In the present case the Judge was not concerned with a claim of accessory liability. What was said by the Club was that CL had notice, actual or constructive, that Mr Guterman as a director in executing the Declaration of Trust was acting otherwise than wholly for the purpose of the Club without having made full or any disclosure of his personal interest. That, it was said, was a breach of Mr Guterman’s fiduciary duty to the Club and Mr Hamilton was on notice of it and accordingly could not be said to be acting in good faith, whether or not he was guilty of dishonesty.
I do not understand Mr Freedman seriously to dispute that Mr Guterman was guilty of a breach of fiduciary duty in putting himself in a position where his duty to the Club, as a director and agent of the Club in executing the Declaration of Trust, and his personal interest conflicted, unless he made full disclosure of all material facts. The judge referred to the statement of the law by Jonathan Parker LJ in Bhullar v Bhullar [2003] 2 BCLC 241 at paragraph 27. This makes it clear that the inflexible rule of equity of universal application is that a fiduciary is not allowed to place himself in a position where his duty to his principal and his own interest may conflict nor may he make a profit out of his fiduciary position. As Millett LJ said in Bristol & West Building Society v Mothew [1998] Ch 1 at 18, the principal is entitled to the single minded loyalty of his fiduciary. The fiduciary cannot act for his own benefit without the informed consent of his principal. It would not be enough, in my view, for the fiduciary to disclose the existence of his interest in a transaction without disclosing the nature and extent of that interest.
It is immaterial that the principal could not obtain for himself the benefit of the transaction. This has been the law since at least as early as Keech v Sandford (1726) Sel Cas Ch (t King) 61 and there are numerous other instances in the authorities of this point. The fact, if it be such (and the Club suggests otherwise), that the Club did not have the means to purchase the Freehold is irrelevant.

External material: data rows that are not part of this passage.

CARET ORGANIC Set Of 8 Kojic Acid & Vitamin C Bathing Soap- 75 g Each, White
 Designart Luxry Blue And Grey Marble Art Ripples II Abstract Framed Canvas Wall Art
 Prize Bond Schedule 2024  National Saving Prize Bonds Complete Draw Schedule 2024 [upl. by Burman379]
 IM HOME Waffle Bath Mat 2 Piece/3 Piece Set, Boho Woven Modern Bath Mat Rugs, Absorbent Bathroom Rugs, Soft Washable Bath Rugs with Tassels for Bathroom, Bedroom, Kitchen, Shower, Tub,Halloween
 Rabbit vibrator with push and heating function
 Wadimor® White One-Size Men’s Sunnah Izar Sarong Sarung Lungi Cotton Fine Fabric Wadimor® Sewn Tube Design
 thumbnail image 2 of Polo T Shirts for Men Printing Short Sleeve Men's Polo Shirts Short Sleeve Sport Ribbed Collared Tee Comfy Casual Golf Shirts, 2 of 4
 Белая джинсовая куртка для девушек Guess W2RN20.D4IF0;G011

What is relevant is that both Mr Guterman and Mr Hamilton recognised the importance of the purchase of the Freehold being in the name of the Club and that was also the Brewery’s view, as is evidenced by clause 17 of the contract with the Brewery. The opportunity to purchase was unquestionably that of the Club, and for Mr Guterman and Mr Hamilton to proceed with the purchase on the footing that the Club would be the purchaser on a bare trust for CL required Mr Guterman to make full disclosure if the conflict of his interest with his duty to the Club was not to cause him to be in breach of his fiduciary duty.
There can, in my judgment, be no real doubt but that there was no disclosure by Mr Guterman, full or otherwise. The Judge’s reasoning and conclusion on this point, which I have summarised in paragraph 31 above, seem to me unchallengeable.
There was some debate before us on the meaning of clause Aiii. It was suggested by Mr Freedman that the clause should not, and does not have to, be read as an agreement obliging Mr Guterman to act in breach of fiduciary duty at the expense of creditors and minority shareholders because that would be to render the contract unlawful. Mr Freedman said that a term was to be implied requiring Mr Guterman to act in a way which avoided any breach of fiduciary duty. He referred us to Lewison on the Interpretation of Contracts (3rd Edition) at paragraph 7.101, where it is said: “Where the words of a contract are capable of two meanings, one of which is lawful and the other unlawful, the former construction should be preferred”. I do not think that the words of clause Aiii are capable of two meanings. On the contrary they appear to me to be as unambiguous as they are strongly expressed. The clause is in an agreement which recited that the parties were engaged in property development ventures in accordance with joint venture agreements. Mr Hamilton was to provide yet more funding and by clause Aiii, it was agreed how the Club should be managed and controlled even though Mr Hamilton was not an officer of the Club. In particular the clause sets out what was the “main and sole objective” (the word “and” is how Mr Hamilton interpreted his own manuscript) of that management and control. There is not a word suggestive of the need to consider the interests of others or of the necessity to make full disclosure. On the contrary: the parties were only addressing their own interests and objective under the JVA in relation to the Wrexham project. I see no room, still less necessity, for the implication of any term such as Mr Freedman suggested, which would have the effect of rewriting the agreement.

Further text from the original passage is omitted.